DoglovingSenior said:


> Forget EVER giving her up. She is here to STAy', the newest member of the family! We go to the vet for titres on the 31st. Don't fuss-I couldn't resist and gave her a small ,flat, meaty piece of pork neck bone & she did just fine. I've always had dogs with TITANIUM STOMACHS! Heck, I started my first out on ground beef 'cause I didn't know any better . Then we went to chicken-which they promptly took out of their bowls & pushed around the floor until they understood that they were to EAT this strange thing. <LOL>


Pssh, I already knew from the way you were talking about her before that she was going to be a keeper :wink: Congratulations on making it official though! I often wish I could just rescue some poor little doggy soul from off the streets and give it a wonderful life. Maybe mine just hasn't come along yet :smile:


----------



## magicre (Apr 7, 2010)

DoglovingSenior said:


> Forget EVER giving her up. She is here to STAy', the newest member of the family! We go to the vet for titres on the 31st. Don't fuss-I couldn't resist and gave her a small ,flat, meaty piece of pork neck bone & she did just fine. I've always had dogs with TITANIUM STOMACHS! Heck, I started my first out on ground beef 'cause I didn't know any better . Then we went to chicken-which they promptly took out of their bowls & pushed around the floor until they understood that they were to EAT this strange thing. <LOL>


well, it only took thirteen posts for you to admit what we already knew LOL

good. i'm so glad you're keeping her.


----------



## whiteleo (Sep 7, 2008)

DoglovingSenior said:


> Forget EVER giving her up. She is here to STAy', the newest member of the family! We go to the vet for titres on the 31st. Don't fuss-I couldn't resist and gave her a small ,flat, meaty piece of pork neck bone & she did just fine. I've always had dogs with TITANIUM STOMACHS! Heck, I started my first out on ground beef 'cause I didn't know any better . Then we went to chicken-which they promptly took out of their bowls & pushed around the floor until they understood that they were to EAT this strange thing. <LOL>


I knew it! Happy Jolie gets to stay where she belongs..............


----------



## SerenityFL (Sep 28, 2010)

DoglovingSenior said:


> I have not made too much of an effort to find her owners-I have dutifully checked newspapers, online and at the local Shelter & with the Rescue groups. No one seems to be looking for her. The too tight collar & the flea infestation made me a rather unsympathetic rescuer.

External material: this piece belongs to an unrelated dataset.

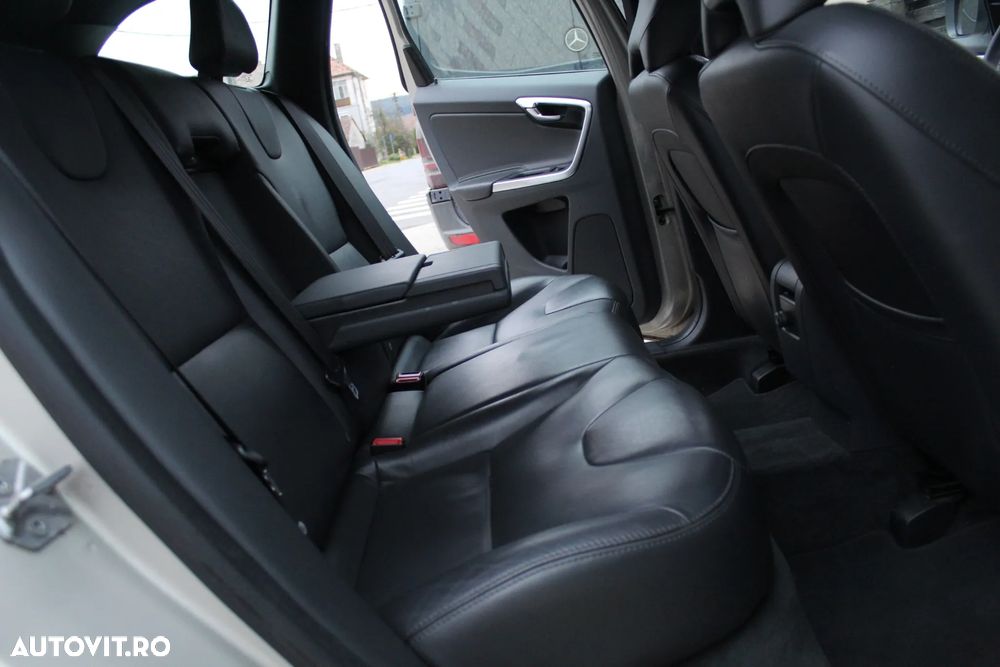 Volvo XC 60 D5 AWD Geartronic Summum - 16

I don't blame you one bit for that. I would have done the same.



DoglovingSenior said:


> Q. If I put her off of my lap she immediately wants to get back up. Is this "normal" behavior? Some of my Rotties have done the same thing but I didn't allow it - just moved my hand as with a large dog I was always super aware of dominance issues. Was I wrong about this?


I have brother and sister hoodlums. The boy is 46 pounds, medium size, has dog aggression issues...thinks he's in charge. Well, he's learning that he's not, anyway. The girl is 24 pounds, dainty, little and knows that I am top dog, the boy is next and she's last. She listens pretty darn well to me and shows no aggression towards other people or dogs...unless you consider a serious face licking and begging for attention to be negative aggression.

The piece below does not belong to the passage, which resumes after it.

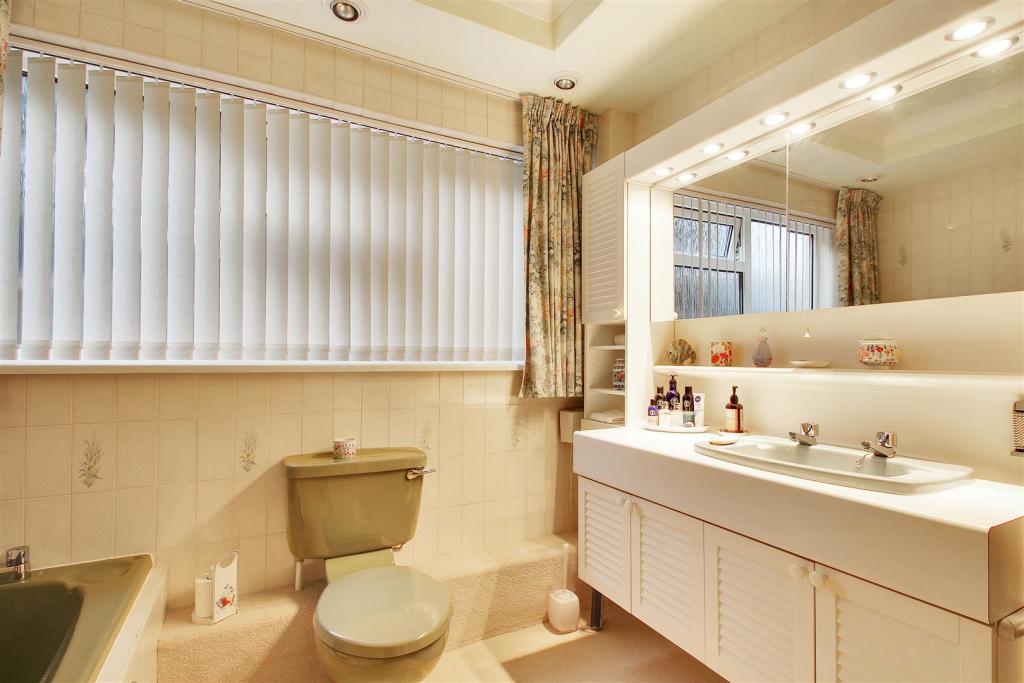 Family Bathroom.jpg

The trainer who is helping me with the dog aggression for the boy is having me work on her, as well, just to cement that I'm the leader, not them. One thing that the girl does is jump up on me in absolute GLEE when I walk through the door. I am told this is dominating and have been given ways to stop it. And, if I really worked at that, she probably would stop. But, she shows no aggression or dominance otherwise...so...maybe I'm not going to work on that so hard. Ya know? Maybe she's just thrilled to death to see me and because she's small...I'll let her have that one thing. The boy doesn't get to do this cause he'll knock me down, one and two, he is the one who really needs to learn he's not in charge. Maybe when they were thrown out of the car in to traffic, he was the one who had to take over to protect them but he's not anymore and he's learning that. 

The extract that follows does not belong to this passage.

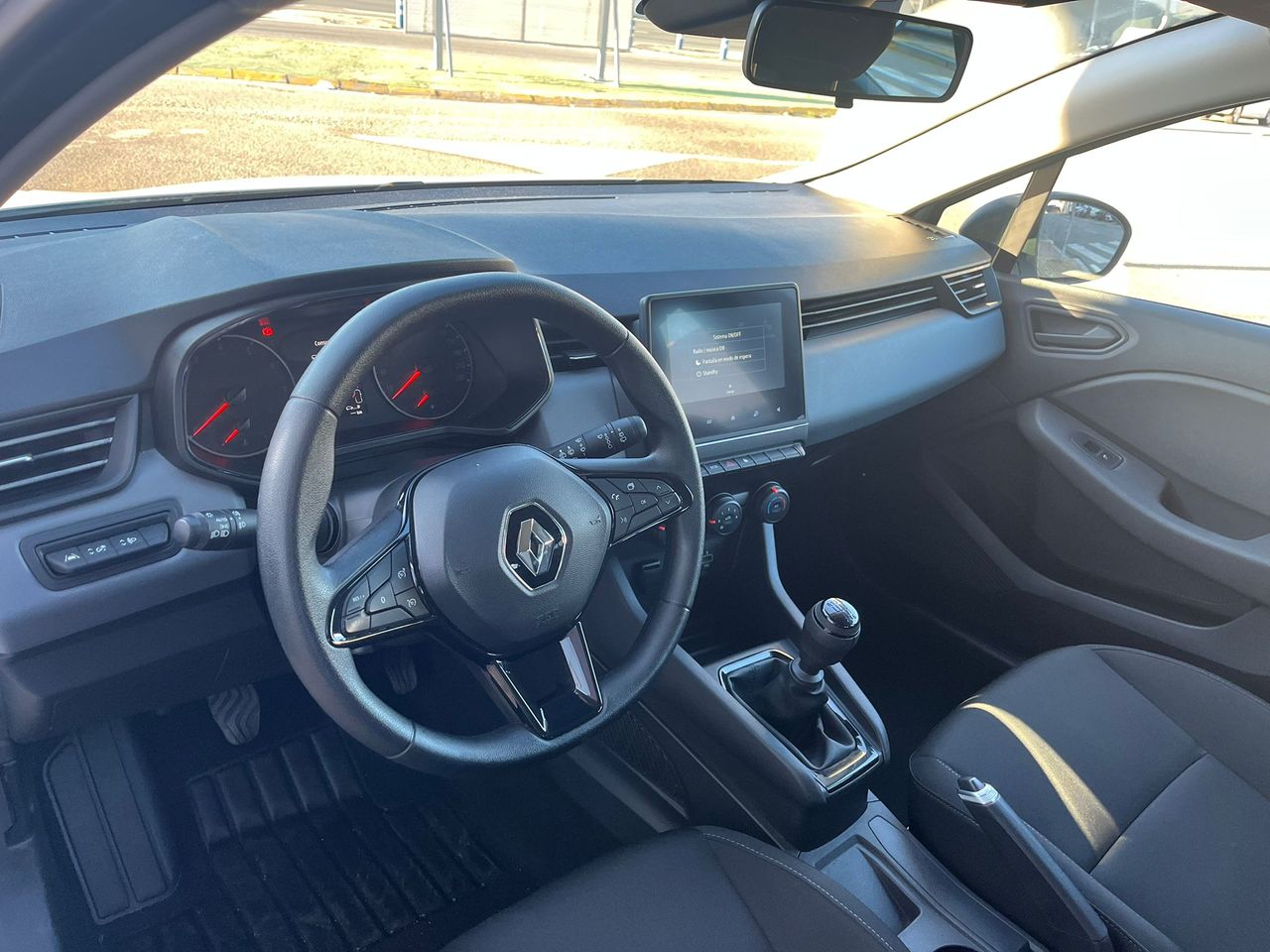 Renault Clio Business TCe 90cv - Foto 21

So...as long as they aren't showing any other signs of dominance...meh...I mean, sure, make her earn it but I just can't view it as a bad thing and I'm very aware of what is dominating behavior and what that can do to our relationship and the dynamics...but we've managed to work with it even with her "zOMG!!!! You're home!!!!! Hurray!!!!!" jump to greet me.


----------



## Janet At Nutro (Mar 11, 2011)

I am so glad that you are going to keep Jolie!
I had a feeling you would!


----------



## DoglovingSenior (Jun 26, 2011)

schtuffy said:


> I often wish I could just rescue some poor little doggy soul from off the streets and give it a wonderful life. Maybe mine just hasn't come along yet :smile:


 It will come-I have rescued dogs for a long time usually found the owners because signs went up in the neighborhood. A few I found GREAT homes for (though I was tempted). This little girl came along at the right time for both of us - I was down to two dogs & do NOT have another puppy in me. I was also worried about being dogless. I had definitely thought of only rescuing older dogs. I still may do that, but will have to be very careful that they get along with her & hopefully I will not have to think about this for awhile. I'm now very content with my 2 guys and a gal!


----------



## xellil (Apr 4, 2011)

DoglovingSenior said:


> It will come-I have rescued dogs for a long time usually found the owners because signs went up in the neighborhood. A few I found GREAT homes for (though I was tempted). This little girl came along at the right time for both of us - I was down to two dogs & do NOT have another puppy in me. I was also worried about being dogless. I had definitely thought of only rescuing older dogs. I still may do that, but will have to be very careful that they get along with her & hopefully I will not have to think about this for awhile. I'm now very content with my 2 guys and a gal!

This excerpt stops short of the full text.